Se voar muito próximo ao Sol foi o que condenou Ícaro na mitologia grega, para Nicola Martinez, parceiro de Fernando Motta em diversas escaladas e saltos, o ímpeto de voar cada vez mais rente às paredes e, especialmente, ao chão é a principal causa dessas mortes: “O terrain flying é o culpado por quase todas as mortes que aconteceram este ano no wingsuit. Está na hora de a gente dar um passo pra trás e reavaliar os limites desse esporte”.

O próprio Nicola tomou essa distância há alguns anos, depois do acidente que vitimou sua mulher, Allisyn. “Ela teve um impacto contra a parede com o paraquedas já aberto. Foi um momento muito difícil da minha vida, que me fez repensar meus valores. Eu levo o wingsuit como um hobby, uma filosofia de vida. É para viajar, conhecer novas culturas, fazer amigos, mas o perigo compensa até certo ponto. Eu quero sempre aterrissar de forma segura e, no fim, tomar uma cerveja e dar risadas com a turma assistindo aos vídeos”, diz.
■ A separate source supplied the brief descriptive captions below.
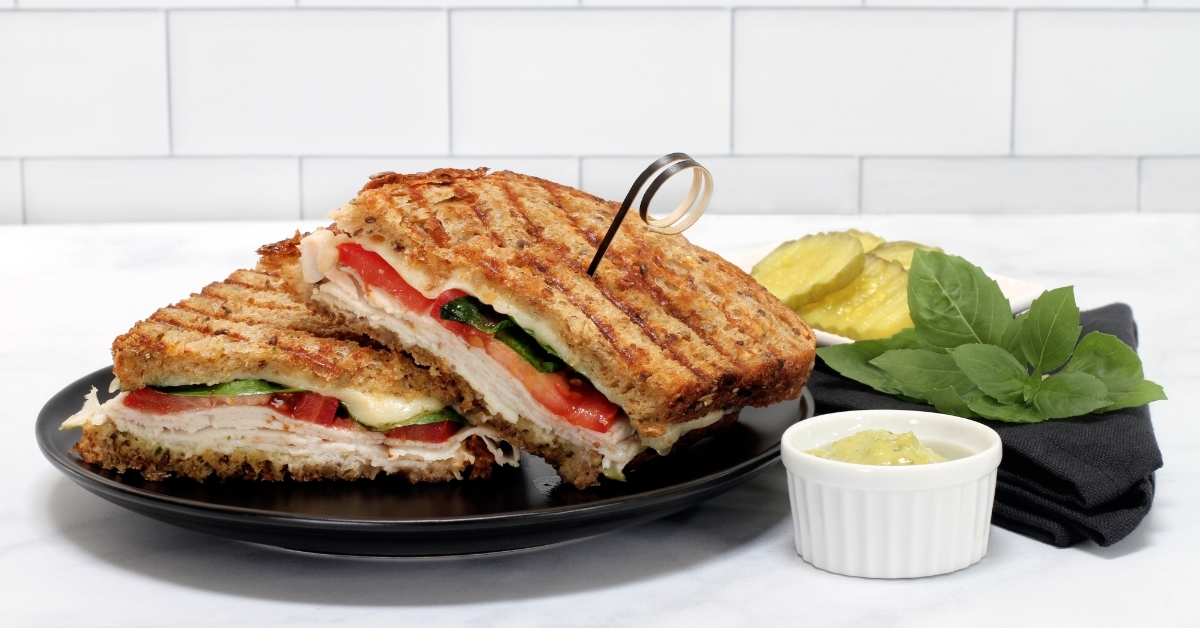 Turkey basil provolone cheese tomato panini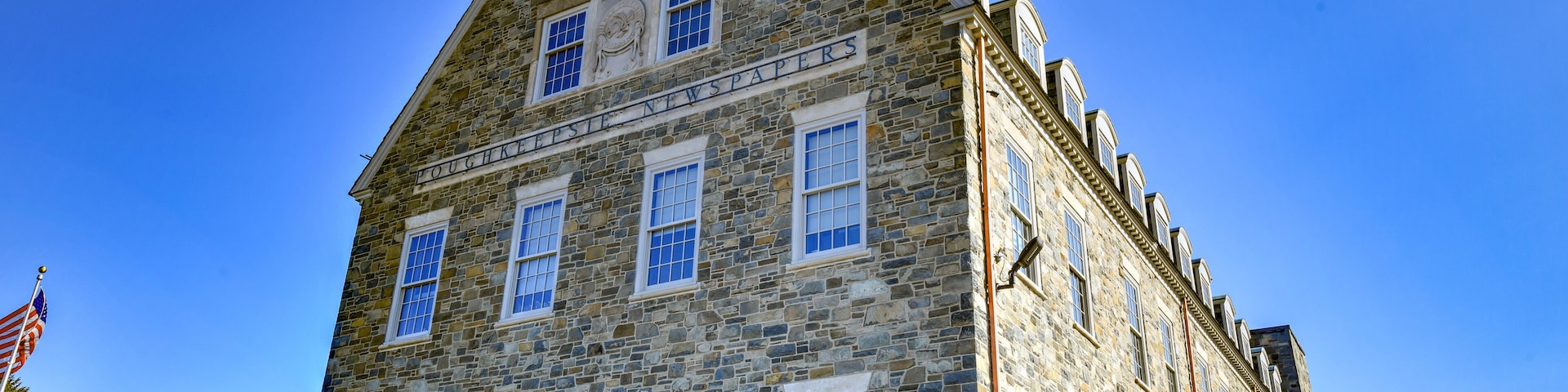 Ein historisches Steinhaus mit einem Schild, auf dem 'The Old Newspaper Building' steht.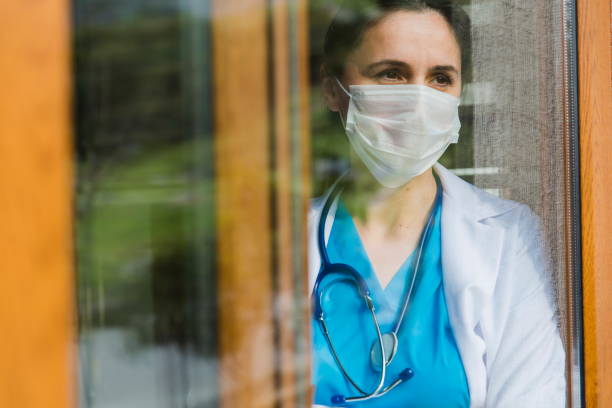 Female doctor looking through window at hospital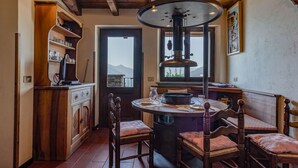 A rustic kitchen with wooden beams, a central stove, and a dining area with wooden chairs and a round table. - Arte e Cucina by Interhome (Gravedona)
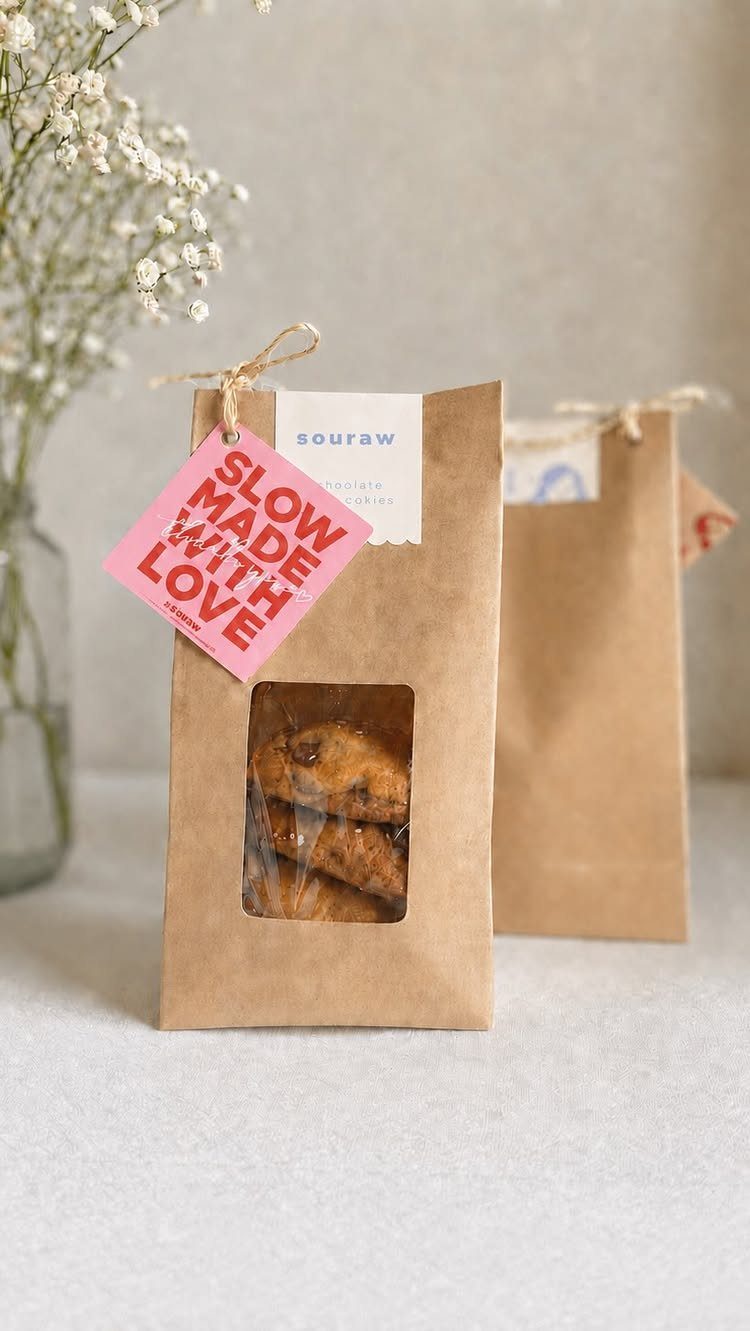 Brown paper bags containing cookies with a pink 'Slow Made With Love' tag.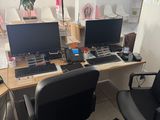 a desk with two computers and a chair in front of it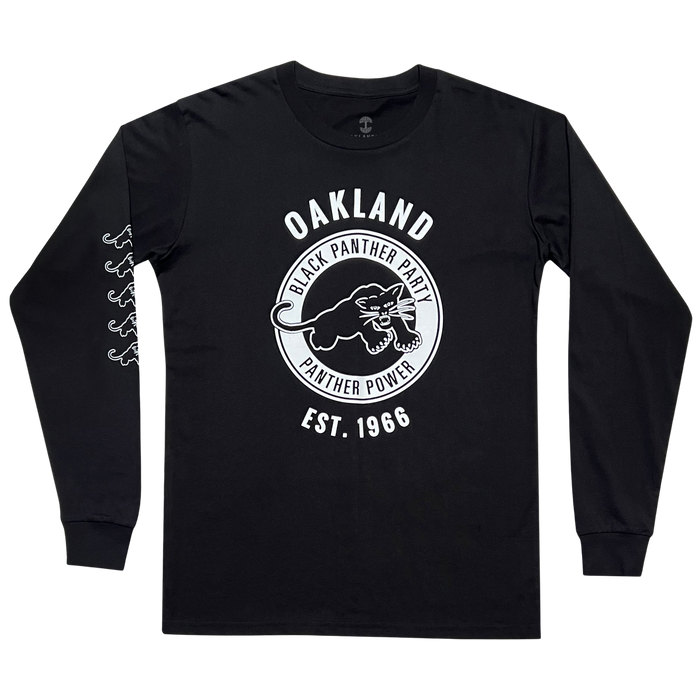 Introducing the Black Panther Power LS Tee by Oaklandish: This black long-sleeve shirt boasts a bold front design featuring a large circular emblem. Encircling an image of a panther in a striking pose is the text "OAKLAND BLACK PANTHER PARTY PANTHER POWER," celebrating the legacy of the party. Beneath this powerful graphic, it reads "EST. 1966." Additionally, a chain of panther images runs down one sleeve, adding an extra touch of style and homage.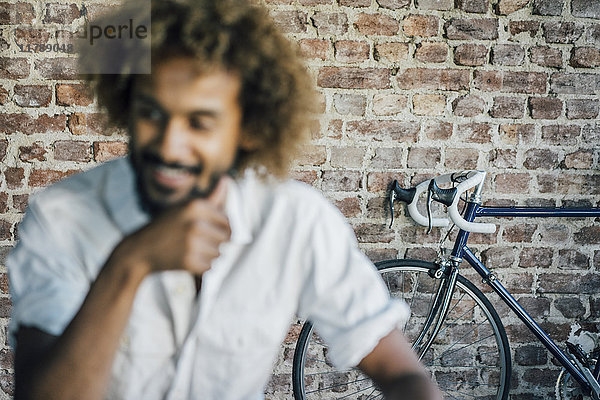 Lächelnder junger Mann mit Fahrrad im Hintergrund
O registro em vídeo, aliás, é outro ponto levantado por Nicola como uma possível causa para o elevado número de acidentes recentes. “Essa geração YouTube tá puxando o limite de forma inconsequente, saltando sem experiência e sem ter o completo controle dos trajes. Os praticantes estão queimando etapas importantes”, afirma. Fernando concorda: “Os vídeos que a gente posta são irados, né? Colando nas paredes, dando rasantes perto das árvores. Vendo no vídeo parece fácil, mas e as dezenas de voos que foram abortados? Esses ninguém vê”.

Se as estatísticas parecem tão desfavoráveis, por que as pes­soas continuam se arriscando? “É um silêncio, uma concentração e uma conexão com a natureza inacreditáveis”, conta Fernando. “Passar próximo de uma árvore, de uma pedra ou do chão te dá uma referência de velocidade, de plano... É difícil de explicar. É o homem voando.” Ainda que exista a pressão de patrocinadores, o narcisismo digital e a vontade de chegar cada vez mais próximo dos obstáculos, entre outros fatores que levam atletas a desrespeitarem os próprios limites, os dois fazem coro: “É uma atividade que não dá margem para erros”.

Mesmo com toda a técnica dos praticantes, em 2013 foram mais de 20 mortes


SEM LIMITES - Sabia (acima) foi o primeiro brasileiro a usar um traje de Wingsuit. Para ele, ninguém está forçando a barra - os atletas estão apenas se aprimorando no esporte

“Pessoas arriscam suas vidas por vários motivos, não necessariamente para atingir um novo patamar no esporte, por exemplo. Saltei de wingsuit de milhares de lugares diferentes e, depois de 14 anos de prática, continuo na ativa, voando sempre que possível. Como tudo na vida, existem atletas bons, excelentes e medianos, além de vários ‘pregos’ com dinheiro e sem categoria, vocação ou domínio. Assim como os equipamentos, os atletas estão evoluindo. Agora, acidentes acontecem: calouros morrem porque não sabem onde estão e bons pilotos morrem porque abusam.”


PERTO DEMAIS - Luís Roberto Formiga (acima) já experimentou todo tipo de salto que se possa imaginar. Aqui, ele dá sua opinião sobre o proximity flying

“Eu participei da história do wingsuit desde o começo, acho até que a primeira roupa feita no Brasil foi minha. A ideia sempre foi permanecer mais tempo no ar e poder voar que nem um pássaro. Naquela época, a gente nem pensava em algo como o proximity flying. É claro que pra quem vê de fora parece loucura, mas o desenvolvimento das roupas e dos procedimentos permite que o cara faça um voo completamente radical e relativamente seguro – não é uma atividade suicida, mas um esporte de alta performance. O problema é que as roupas ficaram muito acessíveis, o que pode ser perigoso demais. O limite entre morrer e sobreviver a um voo de proximity é muito tênue. Graças a essa facilidade, tem muita gente negligente, sem conhecimento e preparação necessária se jogando e se matando. Do outro lado, tem um pessoal experiente, com toda a capacidade e conhecimento, que está obcecado pelo aumento da performance, em passar mais perto e mais rápido dos obstáculos pelo prazer de desafiar os limites. É aí que acontece um acidente.”